• **TASK TO CARRY OUT**: Copy out exactly the lines from the one containing "Plastic pallet" through the end of the records, and no pictures.

----- DATA PROVIDED

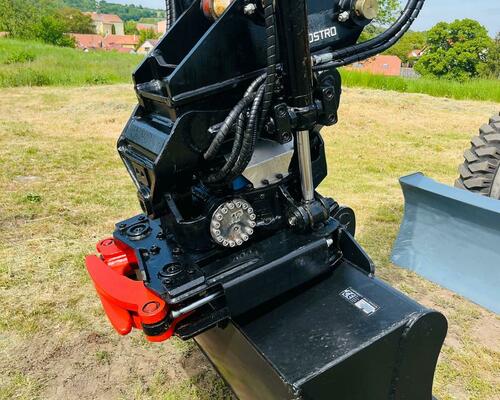 Kolové rypadlo Liebherr A910 Compact (Možnost leasingu)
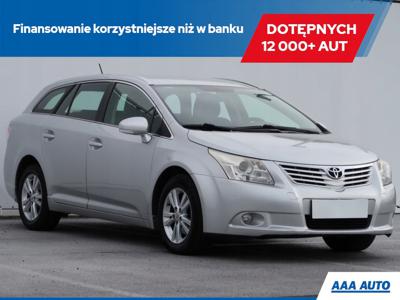 Toyota Avensis III Wagon 2.0 D-4D 126KM 2010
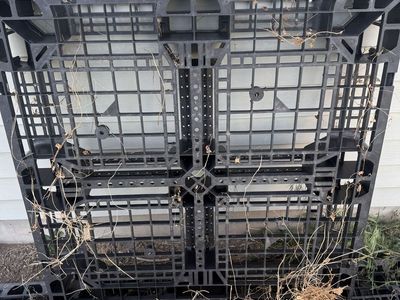 Plastic pallet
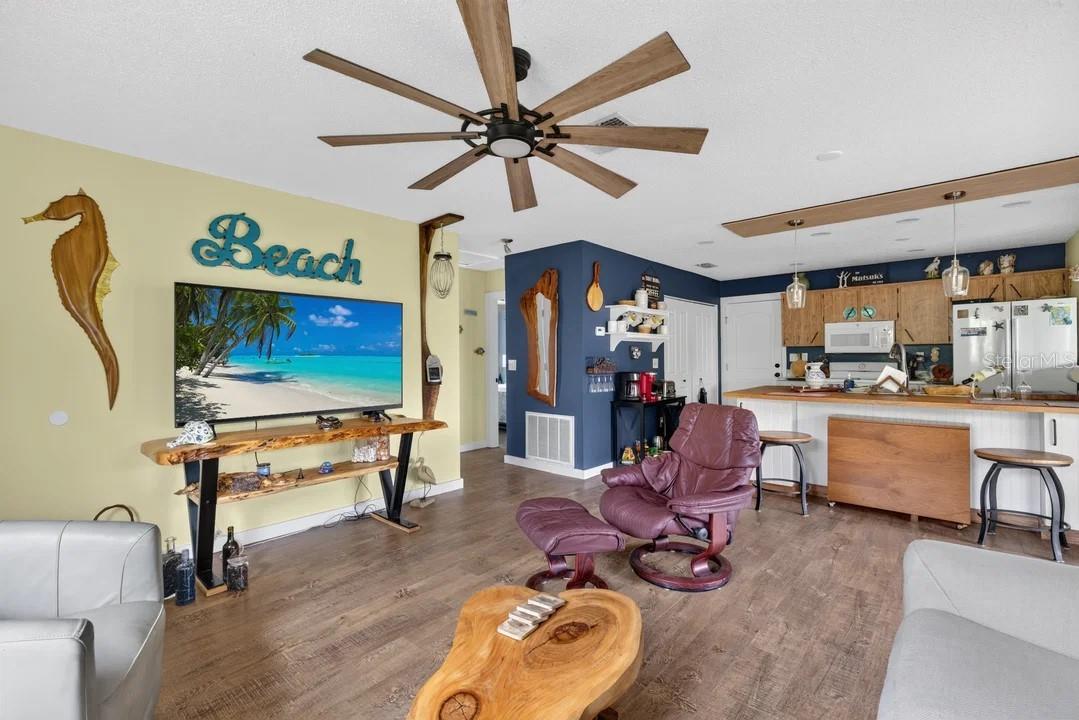 9602 Doubloon Trl Property Photo 13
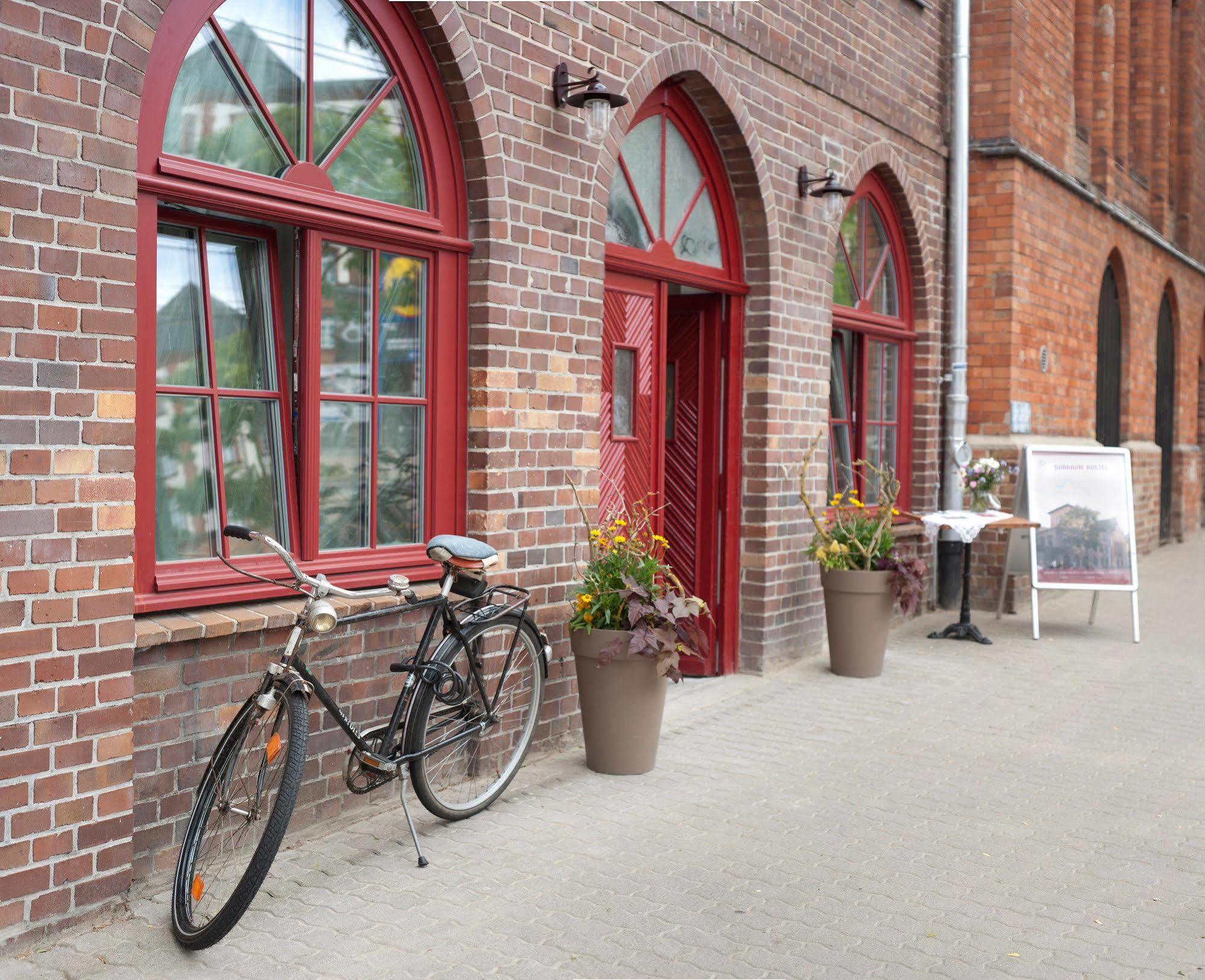 Subraum Hostel Rostock Esterno foto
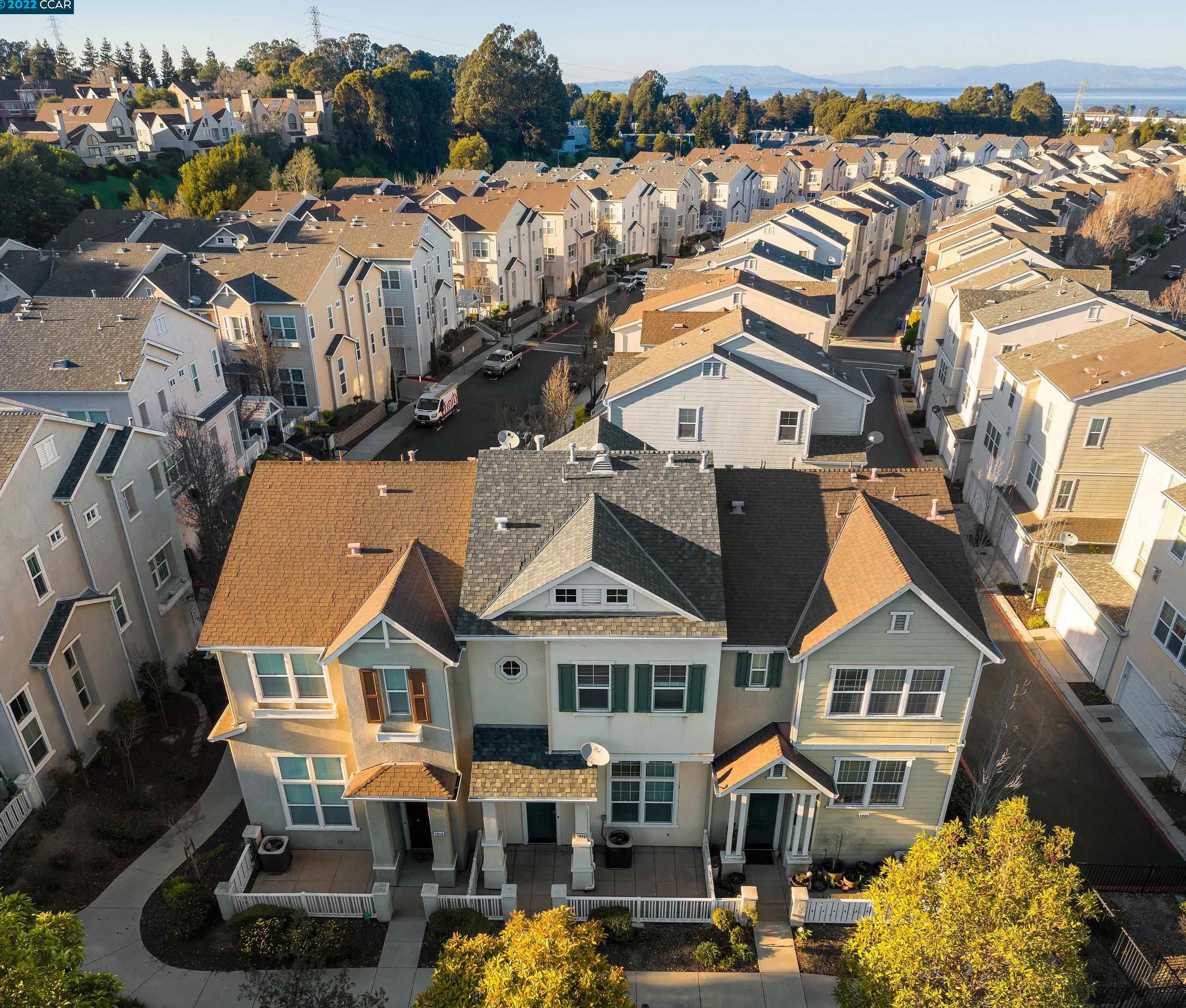 1920 Summer Ln, Richmond, CA 94806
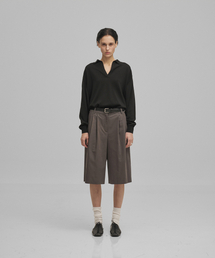 w. Officer Bermuda Pants (Graphite)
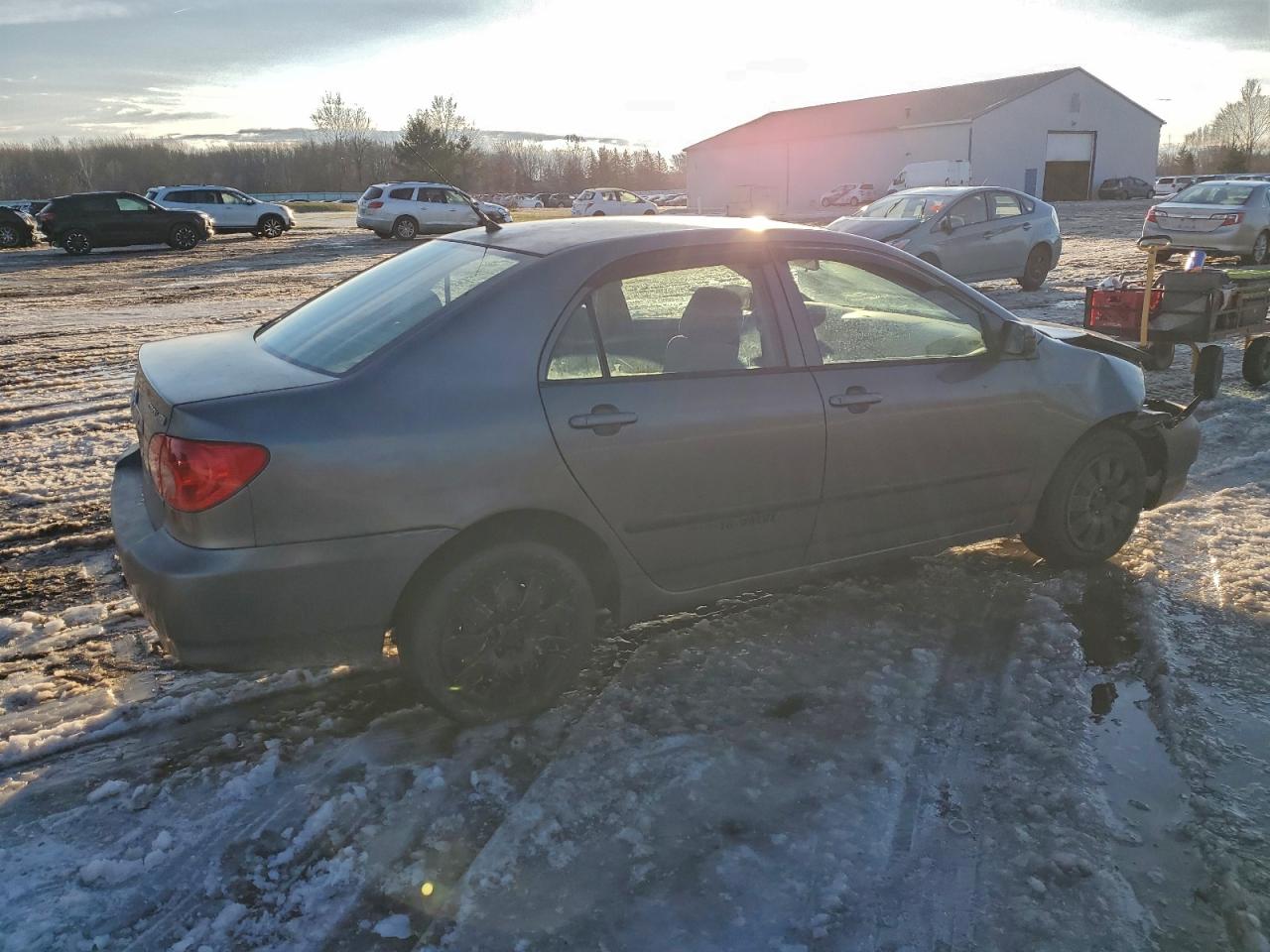 2005 TOYOTA COROLLA CE photo 3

----------

• **RESPONSE TO THE EXERCISE**:
 Plastic pallet
 9602 Doubloon Trl Property Photo 13
 Subraum Hostel Rostock Esterno foto
 1920 Summer Ln, Richmond, CA 94806
 w. Officer Bermuda Pants (Graphite)
 2005 TOYOTA COROLLA CE photo 3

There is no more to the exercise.